Bank branches face further closures
BANK customers face further cuts to their banking network as the UK's biggest banks consider initiating another round of branch closures.
In 1972 the branch network in the UK totalled around 17,000 branches. In 2013 this figure has dropped by over a third to 9,500.
Where once community branches functioned proudly as social and economic hubs of the neighbourhood now coffee shops, delis or, in many cases, empty buildings stand in their place.
40% already gone
A report released by Nottingham University in August this year confirms the severity of the situation. The research revealed that the UK has lost over 40% of its banking network in the last twenty years alone.
Although the report also found the rate of closures to have slowed since 2000 there are now worries that the UK's banks will step-up branch closures again from 2014.
The report follows in the wake of research conducted by global property consultants, Jones Lang LaSalle, that warns the age of the traditional branch network in the developed world is 'drawing to a close'.
50% of European and American branches could be closed by 2020, Jones Lang LaSalle predict.
Too expensive to keep open
The high costs associated with running small branches combined with new ways to bank, such as mobile and internet banking, are viewed as the catalysts for future closures.
Unfortunately, those most likely to be affected by branch closures are also those least likely to engage with the new methods of banking.
Up to now the majority of branch closures have happened in rural communities and areas of industrial decline. Residents of these areas, including the elderly and the long-term unemployed, have suffered most from the loss of doorstep banking services.
According to UK pressure group, the Campaign for Community Banking, three of the UK's Big Four banks have closed 115 branches between them this year.
Lloyds are not responsible for any closures owing to a promise to maintain the size of its branch network and not close a branch if it is the last one in an area. This pledge, however, comes to an end in 2015.
The Campaign for Community Banking states 887 communities in the UK currently depend on just one branch for their day-to-day banking needs.
They believe this to have a knock on effect in the wider local economy too.
"Damage to communities from losing their banks goes much further than inconvenience," Derek French, founder of the group, said, "many other businesses lose customers and some close too - a revival of closures will hit where it hurts."
Of greater concern to campaigners, however, is the social impact community branch closures have on vulnerable customers.
For many, especially the elderly, a local branch is a touchstone to the wider community. A daily visit to the local branch is a social as well as practical experience, especially for those living alone who otherwise have little social interaction during the day.
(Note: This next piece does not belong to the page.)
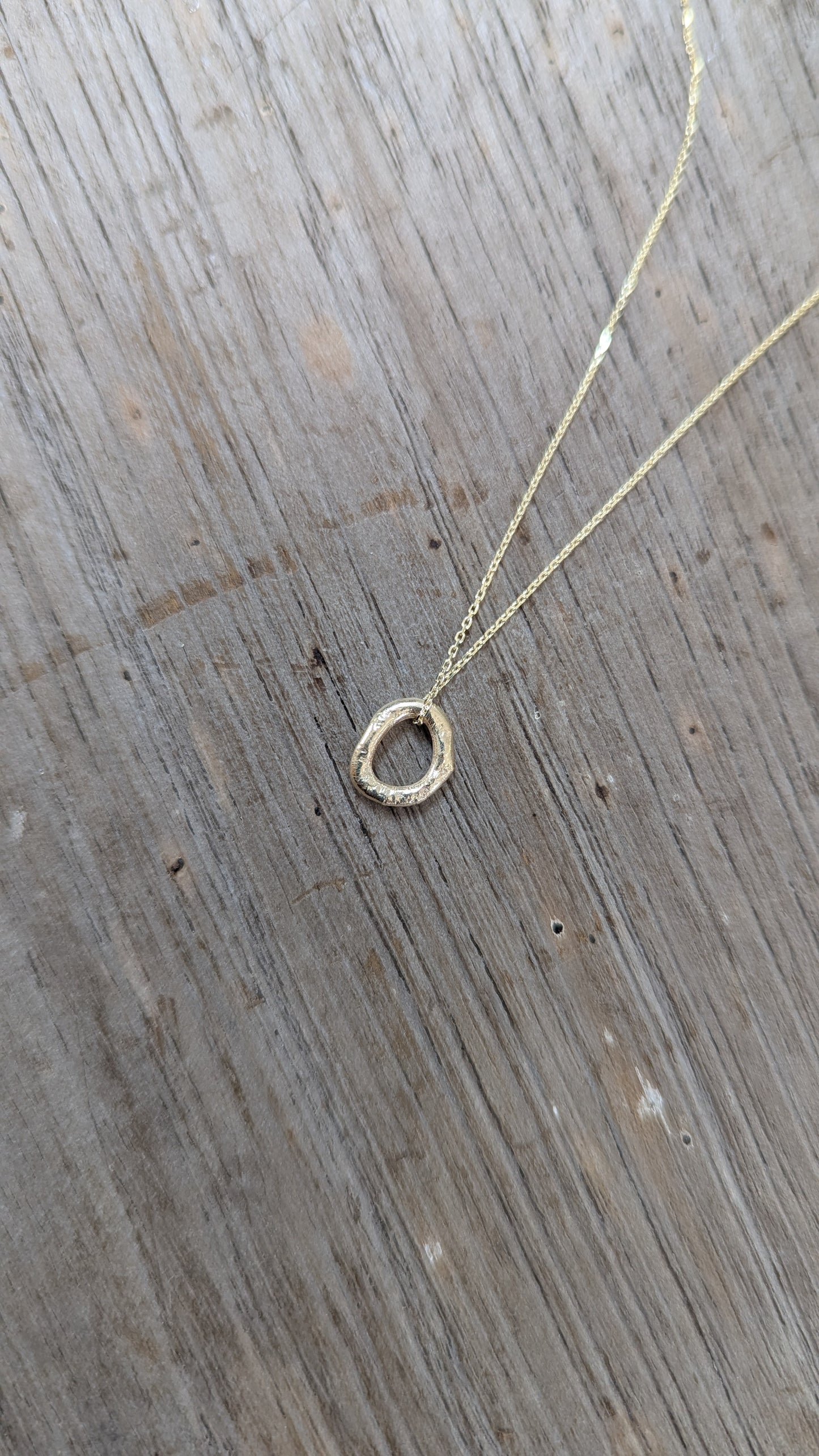 Small Molten Ring Necklace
Likewise, for low-income customers the cost of taking public transport to the nearest branch can prove too expensive. This precludes them, not just from the act of banking, but from social interaction too - all because they can't afford to get to the bank.
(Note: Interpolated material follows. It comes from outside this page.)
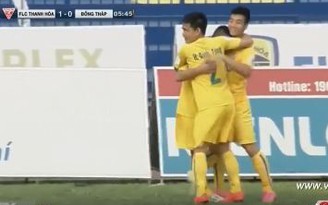 Pha dàn xếp đẹp mắt trận FLC Thanh Hóa thắng Đồng Tháp 4-0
As the statistics show community branch closures are not a new thing and some organisations have committed to finding the best way for vulnerable customers to adapt to the changing face of banking.
A solution: bank sharing
The Campaign for Community Banking are calling on the Government to set in place measures to protect vulnerable customers.
The group advocate setting up US-style bank sharing centres. A bank sharing centre is a multi-use building utilised by several banks use on different days of the week to provide banking services to their customers.
Shared banking centres have been a very successful strategy in the US, which has also seen a huge reduction in its branch network in recent years.
Some banks, such as the Co-Op Shared Bank, even operate a weekly service in convenience stores and on military bases.
Spanish bank, Bankia, runs a truly mobile banking scheme using a specially adapted bus to service rural communities. Closer to home, RBS run a similar bus service for isolated communities in rural Scotland.
French says that both industry and Government have been unwilling even to countenance the idea of shared and expanded mobile services, however.
The Payments Council is currently exploring how payment services can be modified to benefit vulnerable customers.
Currently, 'coping strategies', such as PIN and password sharing between family members are common, but there are stark dangers associated with such practises.
The Payments Council don't believe that just because an elderly person has lost their local branch or can't physically travel to a main branch it should mean they are required to put their financial safety at risk.
As of this month, HSBC will have closed a total of 25 rural branches in 2013 and campaigners fear this to be the first step towards a whole new cull of local branches, what French refers to as "the lull before the storm".
When questioned about future closures a spokesman for HSBC said, "we continue to review our network on the basis of customer usage, investing in it where we feel we can improve it and bring more customers in but ultimately closing a branch as the last resort."